[Exercise goal]:
Nothing but the records, transcribed verbatim and stripped of images, should appear in the answer.

[Extracted records]:

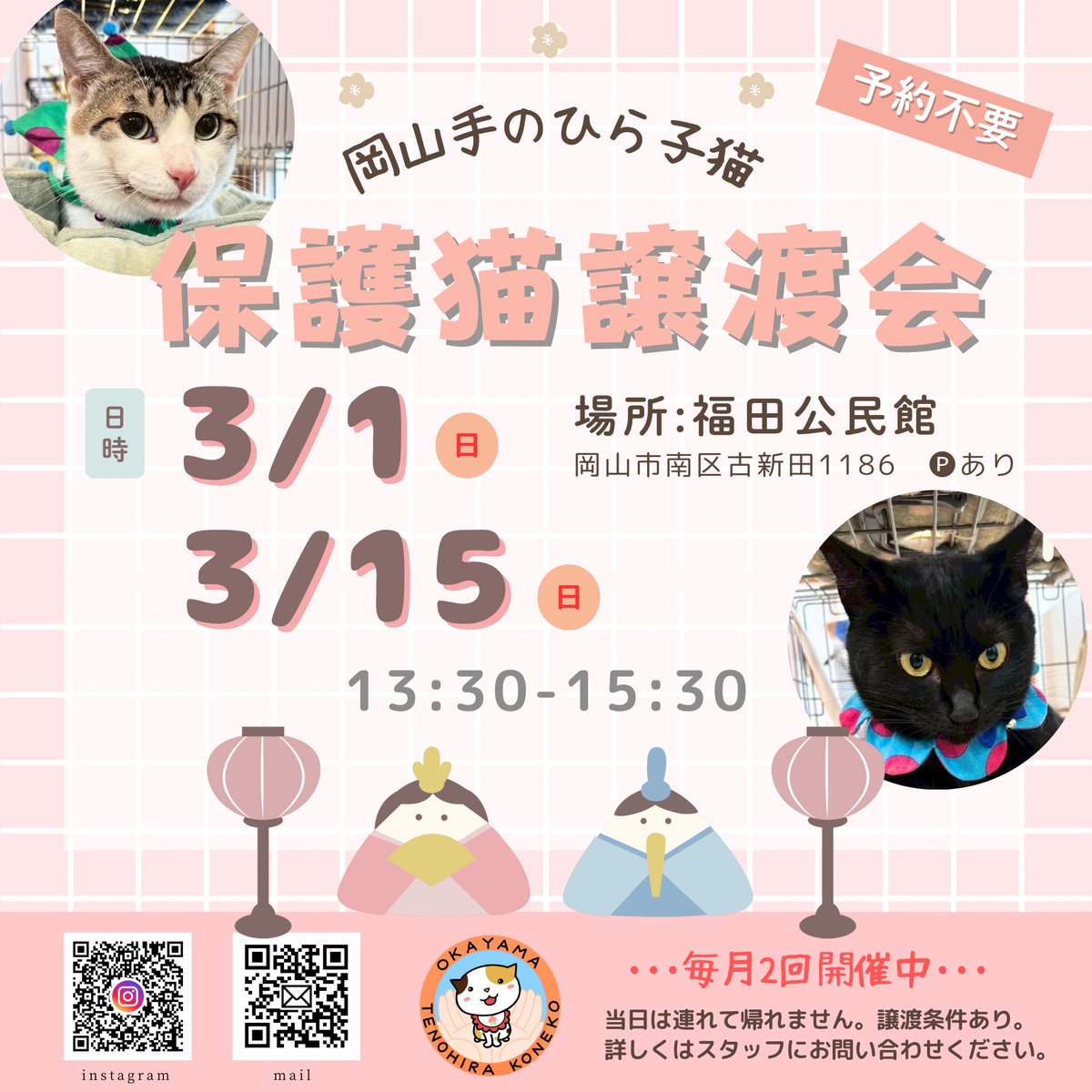 岡山手のひら子猫🎎3月の譲渡会のご案内  
保護猫譲渡会

#シェア希望　#拡散希望

2026年 3月 1日（日）
              3月15日（日）

🕒13:30〜15:30

📍福田公民館　🅿️あり

予約不要

#岡山 #倉敷 #保護猫 #里親募集中 #成猫 #譲渡会  #岡山手のひら子猫 #保護猫を家族に #猫のいる暮らし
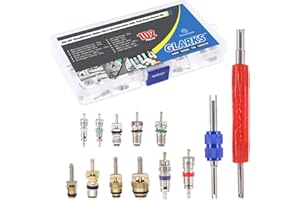GLARKS 102Pcs Car Air Conditioner Valve Core Schrader Valve Cores Accessories A/C R12 R134a Refrigeration Tire Valve Stem with Double Head Dual Dismantling Remover Installer Tool Assortment Kit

[Answer section]:
 岡山手のひら子猫🎎3月の譲渡会のご案内  
保護猫譲渡会

#シェア希望　#拡散希望

2026年 3月 1日（日）
              3月15日（日）

🕒13:30〜15:30

📍福田公民館　🅿️あり

予約不要

#岡山 #倉敷 #保護猫 #里親募集中 #成猫 #譲渡会  #岡山手のひら子猫 #保護猫を家族に #猫のいる暮らし
GLARKS 102Pcs Car Air Conditioner Valve Core Schrader Valve Cores Accessories A/C R12 R134a Refrigeration Tire Valve Stem with Double Head Dual Dismantling Remover Installer Tool Assortment Kit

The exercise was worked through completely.